**TASK PROMPT**
Transcribe exactly, and only, the lines running from the one with "Ariana Grande's Health" to the end of the entries below, both included, without any pictures.

━━━ MATERIAL TO PROCESS ━━━

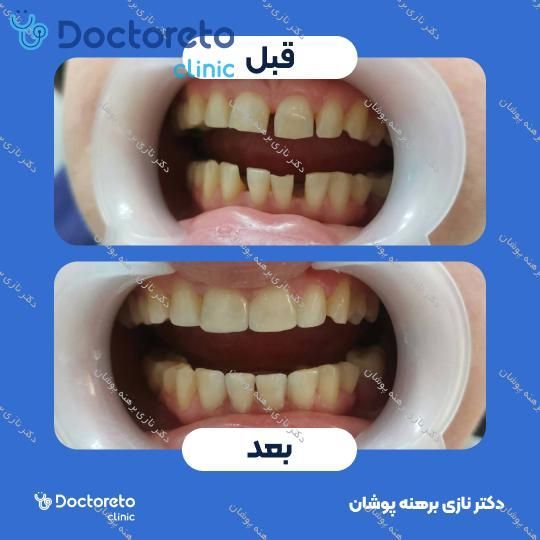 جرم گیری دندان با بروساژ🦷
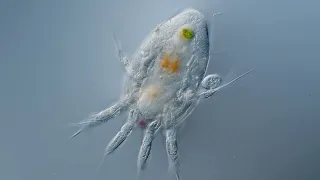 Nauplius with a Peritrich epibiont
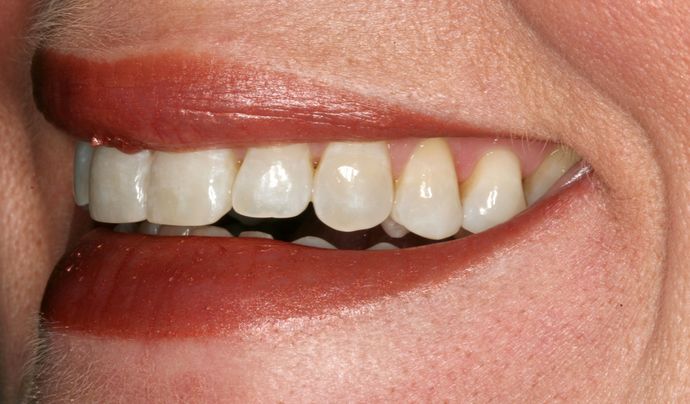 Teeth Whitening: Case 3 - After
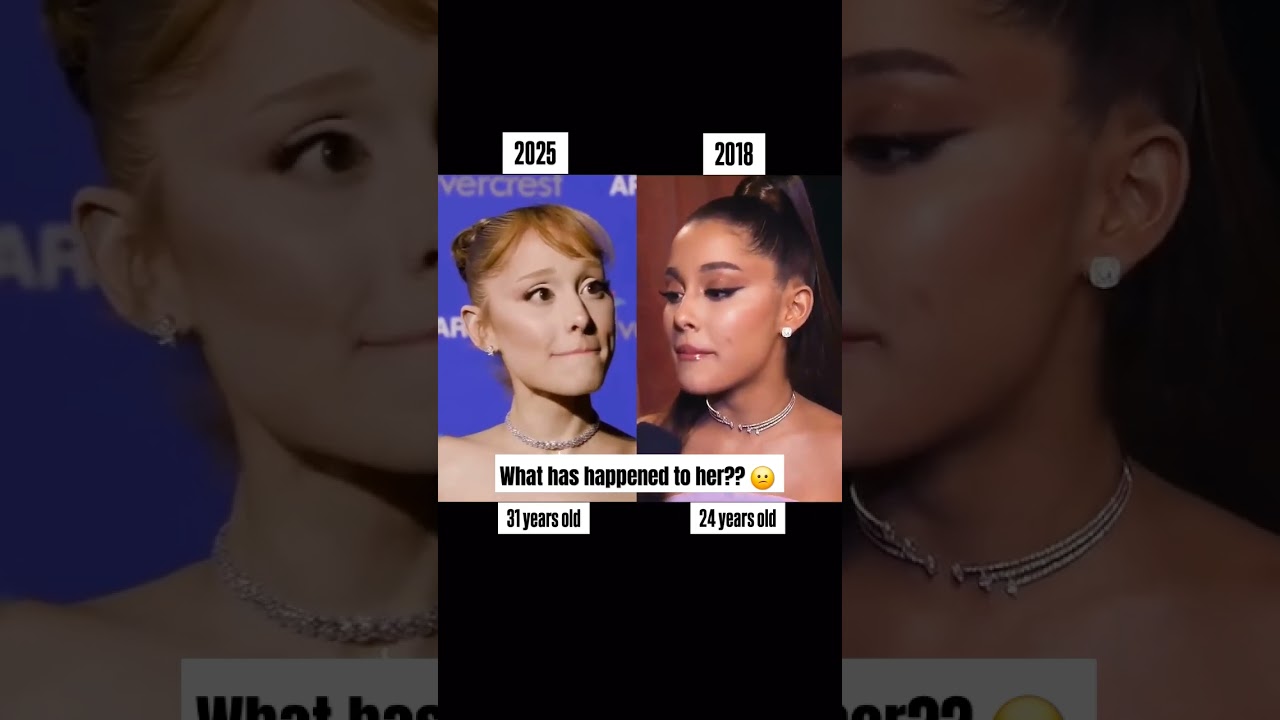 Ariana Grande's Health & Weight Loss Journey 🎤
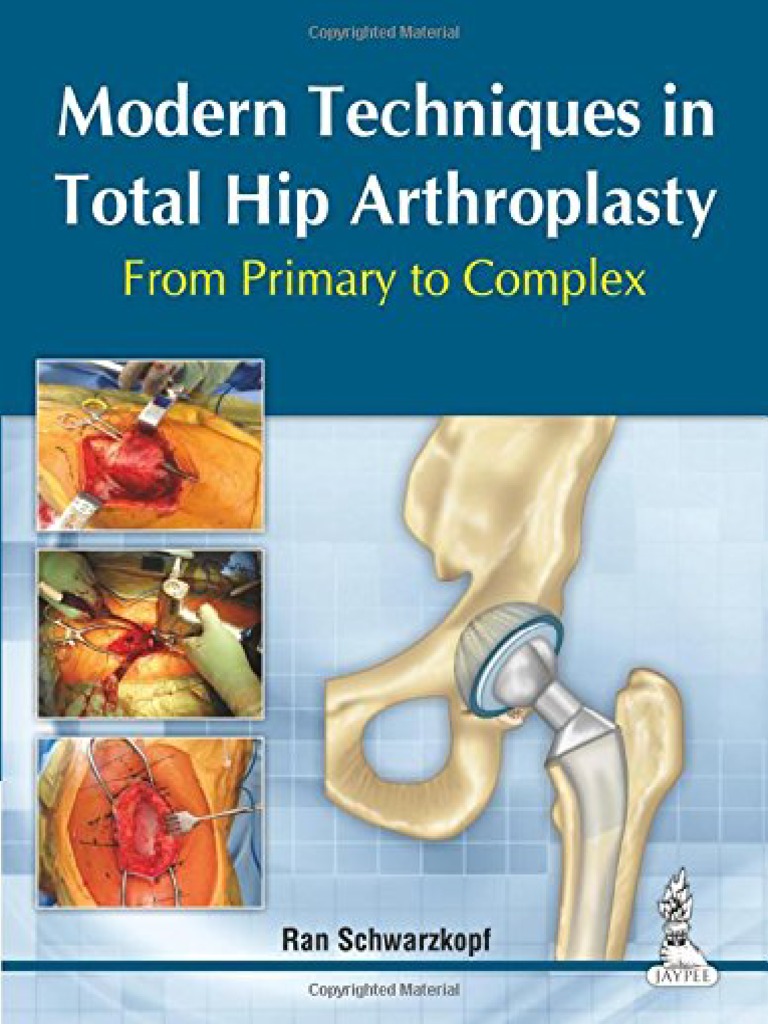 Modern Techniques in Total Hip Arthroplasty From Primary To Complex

━━━

**FINAL ANSWER**
 Ariana Grande's Health & Weight Loss Journey 🎤
 Modern Techniques in Total Hip Arthroplasty From Primary To Complex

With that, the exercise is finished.